第12話 離 脱


「艦長、よろしかったのですか?」

古参の航海長が他には聞こえないよう語りかける。

「仕方あるまい。今のところ彼の状況分析…海域離脱作戦を否定する要因は見当たらん」

グラハムが眉間に皺を寄せつつ答える。

彼とはアベルの事だ。

「それに恐らく、副長から同じような作戦が立案されてきただろうからな」


数分前にパイが艦長等に具申した海域離脱作戦は大変良くできた内容だった。

そればかりか上手く行けば敵訓練艦にダメージを与える事も出来るかもしれない。

合理主義のセイゴ副長は、いくつかの問題点を指摘しつつもすぐさまこの作戦を採用しようとした。

しかしグラハムは承認するに当たり抵抗があった。

なぜならこの作戦を立案したのは実質的にパイではなく、陸軍出身のアベルだと思われたからだ。

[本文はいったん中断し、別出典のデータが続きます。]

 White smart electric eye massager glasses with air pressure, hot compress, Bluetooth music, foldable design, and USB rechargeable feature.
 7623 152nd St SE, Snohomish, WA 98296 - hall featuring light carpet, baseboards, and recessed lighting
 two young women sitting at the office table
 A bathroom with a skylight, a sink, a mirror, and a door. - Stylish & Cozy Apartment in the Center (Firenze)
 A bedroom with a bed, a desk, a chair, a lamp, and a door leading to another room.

「思われた」と言うのは、パイはこの作戦はあくまで自分が立案したと言っている為だ。

しかし彼女では、短時間でこの作戦を立案する事は不可能だ。

誰しもが、作戦立案の専門家であるアベルの助言があったのだろうと薄々気付いていた。

当のアベルは発令所の隅で、こちらに背を向け艦内の誰かと通信を続けている。

「…パイ中尉の作戦を採用しようと思う。何か意見はあるか?」

グラハムはアベルの背中をにらみつつ、逡巡の末に乗組員たちにそう告げた。

もしこの作戦がパイの立案という体裁では無く、アベルの発案であったなら素直に容認する事は出来なかったかもしれない。

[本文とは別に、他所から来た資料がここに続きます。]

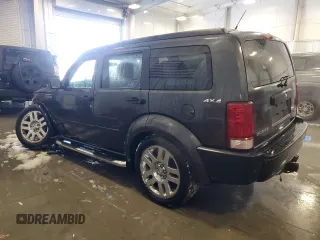 2010 Dodge Nitro SE with VIN 1D4PU2GK3AW144889, listed as a Copart auction lot 84314234 with 115,419 mi miles and Non Repairable. Bid and sale history available at DreamBid. Image 2.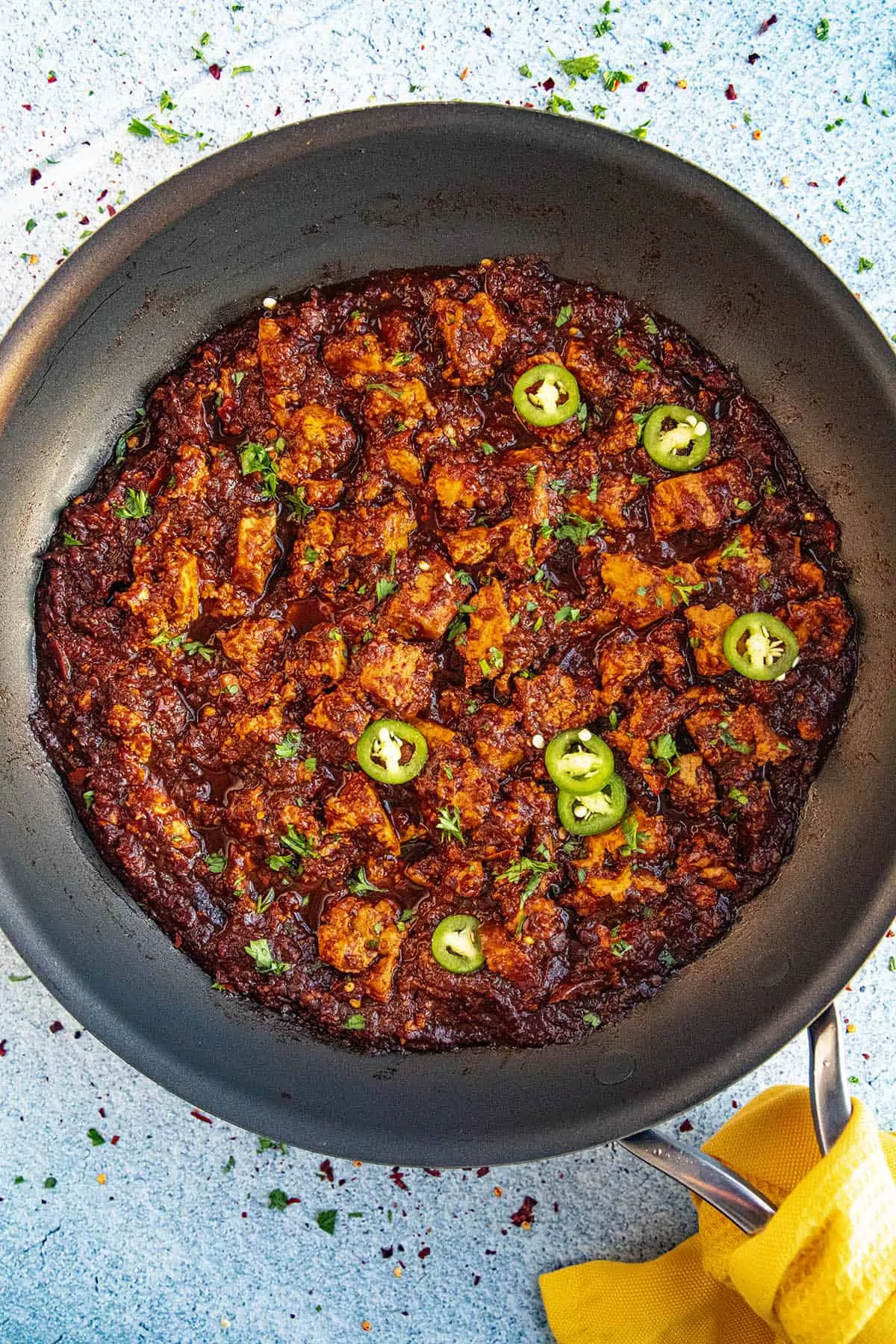 Spicy chipotle sofritas served in a pan with garnish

(いや、切れ者である彼の事。私の心理も織込済みでパイ中尉に手柄を譲ったのかもしれん)

グラハムは憎らしさと感心を同じくらいアベルに抱きつつ、部下たちから異論が無いことを確認し作戦の準備を指示したのだった。


「作戦準備、各部進捗報告!」

セイゴの声でグラハムは回想から現実に引き戻される。

「現在本艦速力5で無音航行中。超伝導推進器は完全に停止。補助プロペラスクリューへ切替完了、いつでも行けます」

「ソナーより艦長。本艦はSS‐09(A)までの距離8500を維持。敵艦はSS‐09(A)との距離約8200、本艦との距離約1万6000のまま後方へ、面舵3度で迂回中」

つまり両艦はSS‐09(A)を中心にほぼ対面、同距離を時計回りに回転している状態だ。

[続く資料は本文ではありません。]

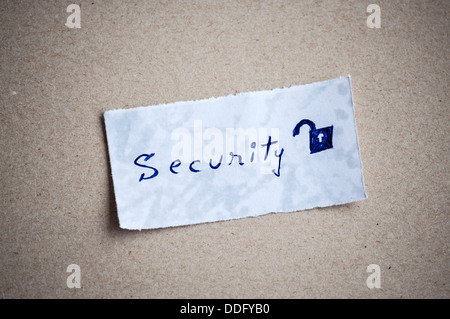 Security message,written on piece of paper, on cardboard background. Space for your text. Stock Photo
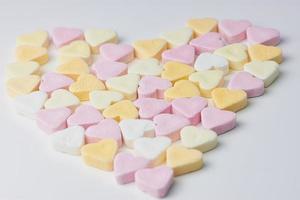 cuori di caramelle in colore pastello, a forma di cuore foto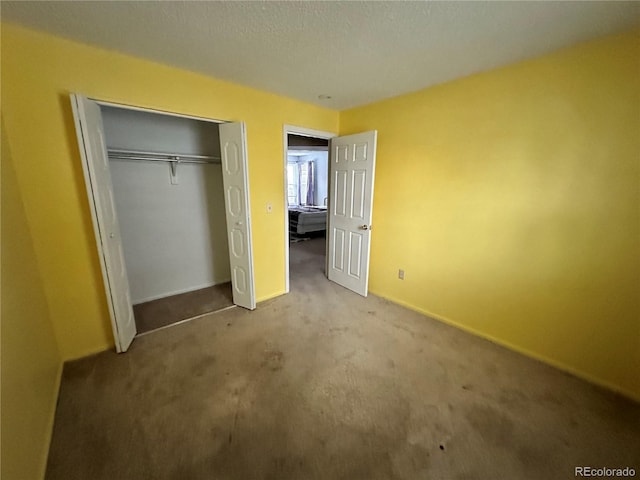 unfurnished bedroom with light colored carpet, a textured ceiling, and a closet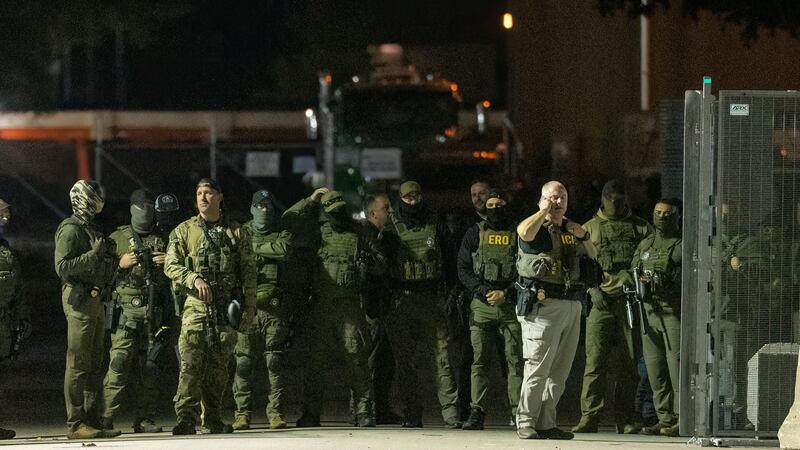 Federal law enforcement officers stand guard in the open gate of the fence built on Beach...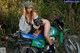 A woman sitting on top of a green motorcycle.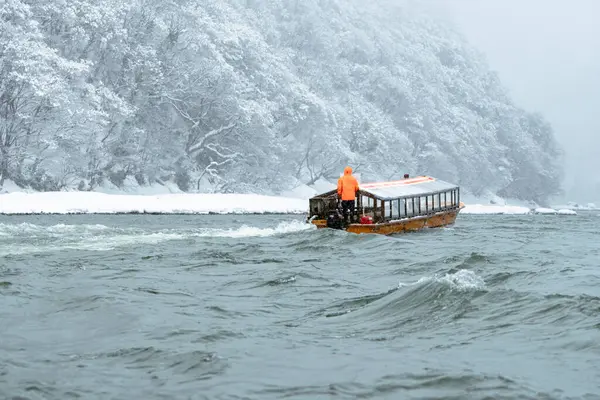 Winter Boat Journey on the Mogami River, Yamagata A traditional wooden boat navigates the cold waters of the Mogami River surrounded by snow-covered forests in Yamagata, Japan.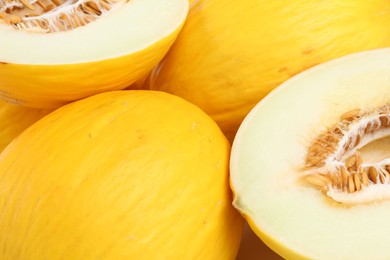 Photo of Whole and cut ripe melons as background, closeup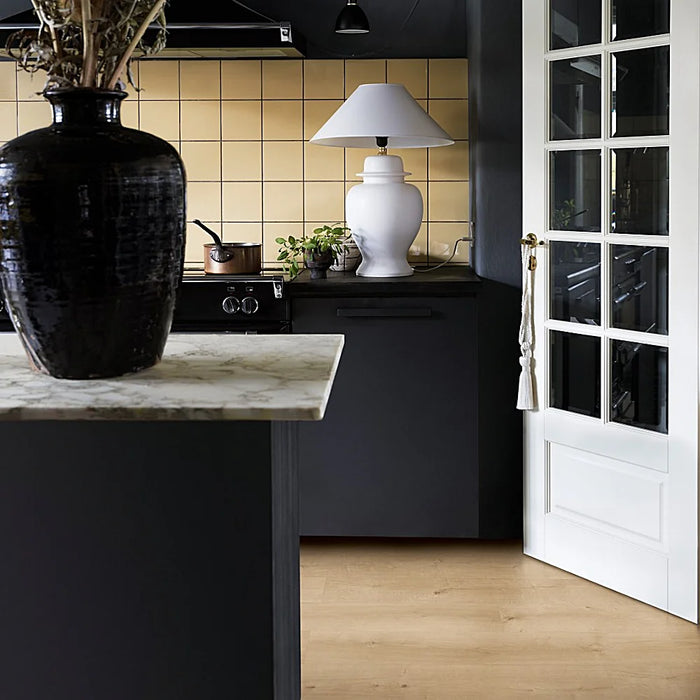 Kitchen featuring Pergo Namsen Bright Ardeche LVT, with light oak planks enhancing the airy feel.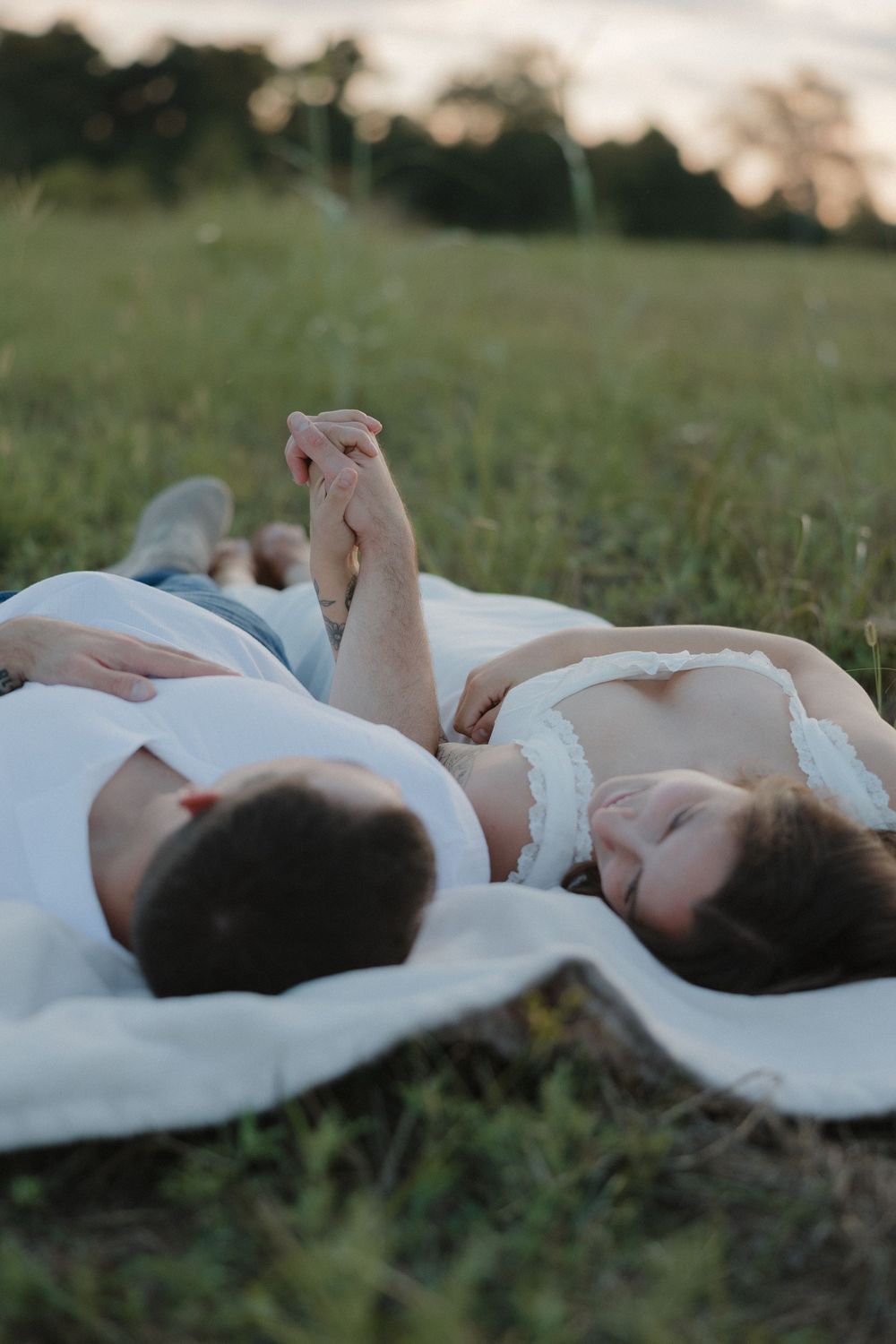Two people lying on a white blanket in a grassy field during golden hour.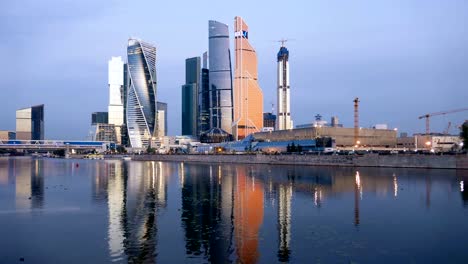 Morning-time-lapse-of-Moscow-City-(Moscow-International-Business-Center)-and-calm-Moskva-river,-Russia.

「潜航艇No3、諸元入力及びパルス発生装置搭載完了。遠隔航行モードで射出準備よし」

「火器管制、各魚雷指示通りに設定完了」

セイゴが頷く。

「艦長、準備完了しました」

グラハムがセイゴの言葉を受け止めマイクを握る。

マイクを通し、グラハムの声は艦内の主要ブロックへと伝播される。

「これより海域離脱の為、対機雷及び潜水艦戦闘を開始する!」

「発射管1番2番、SC魚雷、諸元入力完了。発射管開きました」

「よし、発射しろ!」

「1番2番発射!」

シースワロー2艦首に6つある魚雷発射管の2つからSC魚雷が艦前面へ射出される。

2本の魚雷は直後に進路を90度右へ変え、最初に接触した魚雷発射機雷SS‐09(A)へと向かう。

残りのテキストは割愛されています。